Brief descriptive captions
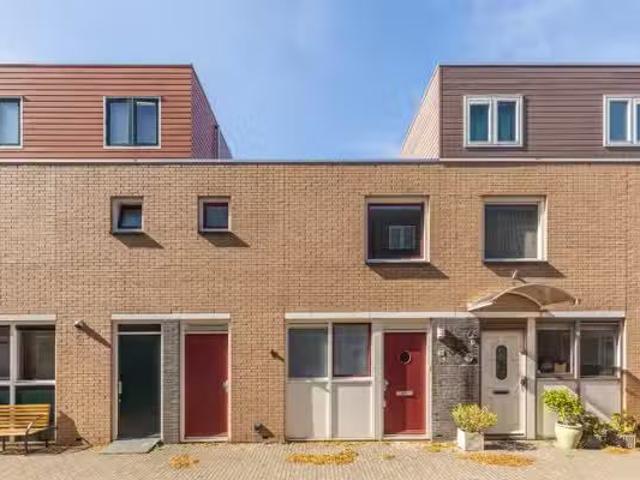 Huis te koop Cort van der Lindenkade 8 in Amsterdam voor € 575.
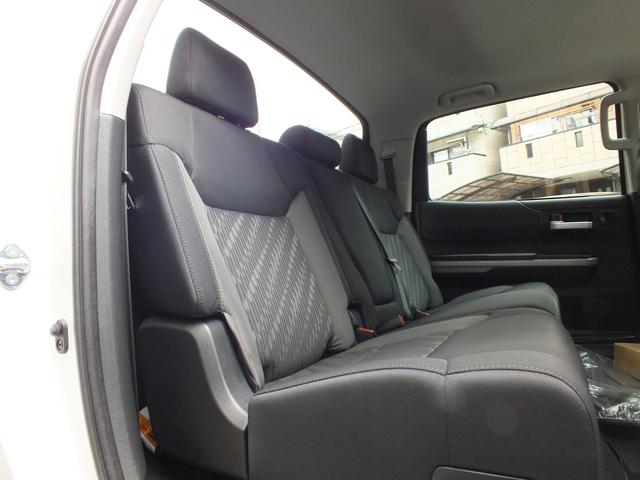 クルーマックス SR5 TRDスポーツパッケージ スマートキー AppleCarPlay(13枚目)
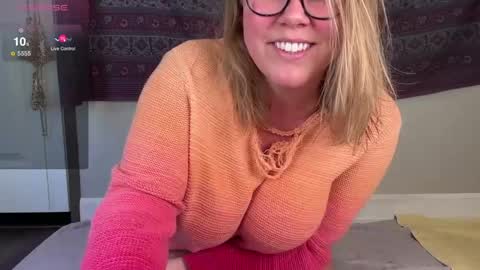 Snapshot of glitterkitty_108 chatting on October 4, 1:31 pm GlitterKitty 108 online show from October 4, 1:31 pm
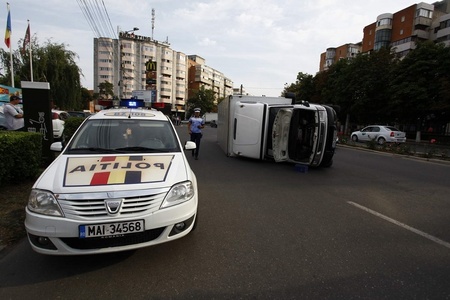 Buzău: Şoferul care s-a răsturnat cu camioneta în centrul oraşului, arestat; bărbatul avea o alcoolemie de 2,05 la mie
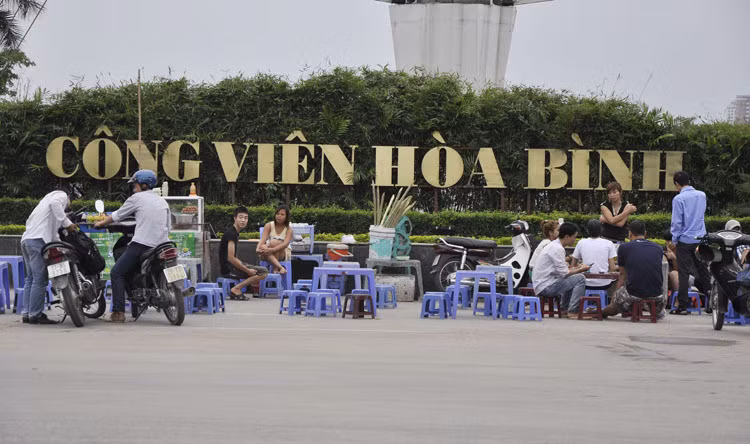Hình ảnh hàng quán khó coi ngay trước bộ mặt của công viên Hòa Bình.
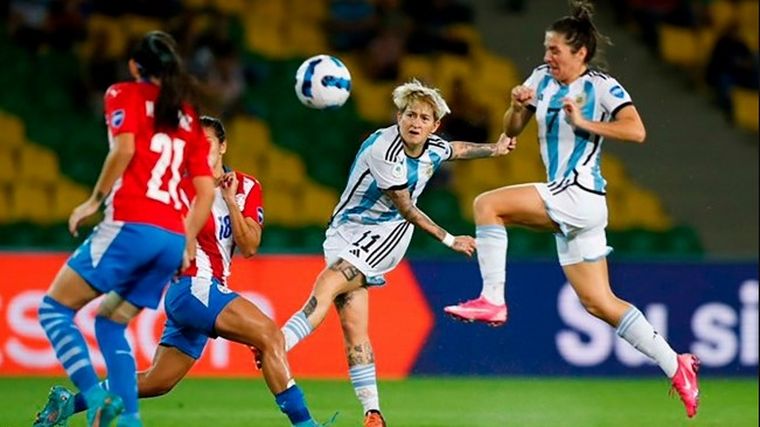 Argentina venció a Paraguay y clasificó al Mundial de 2023.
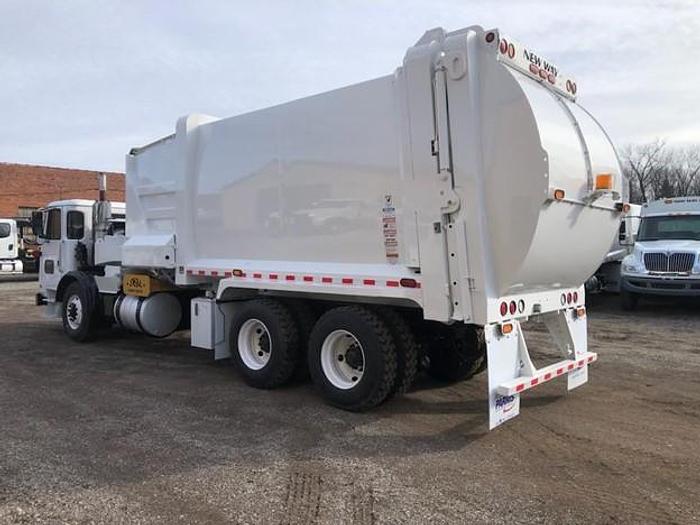 Used 2017 AUTOCAR AUTOMATED SIDE LOAD TRUCK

- **Instructions for the task**
Each record above needs to be retyped exactly, without any pictures.

- **Completed exercise**
 Huis te koop Cort van der Lindenkade 8 in Amsterdam voor € 575.
 クルーマックス SR5 TRDスポーツパッケージ スマートキー AppleCarPlay(13枚目)
 Snapshot of glitterkitty_108 chatting on October 4, 1:31 pm GlitterKitty 108 online show from October 4, 1:31 pm
 Buzău: Şoferul care s-a răsturnat cu camioneta în centrul oraşului, arestat; bărbatul avea o alcoolemie de 2,05 la mie
Hình ảnh hàng quán khó coi ngay trước bộ mặt của công viên Hòa Bình.
 Argentina venció a Paraguay y clasificó al Mundial de 2023.
 Used 2017 AUTOCAR AUTOMATED SIDE LOAD TRUCK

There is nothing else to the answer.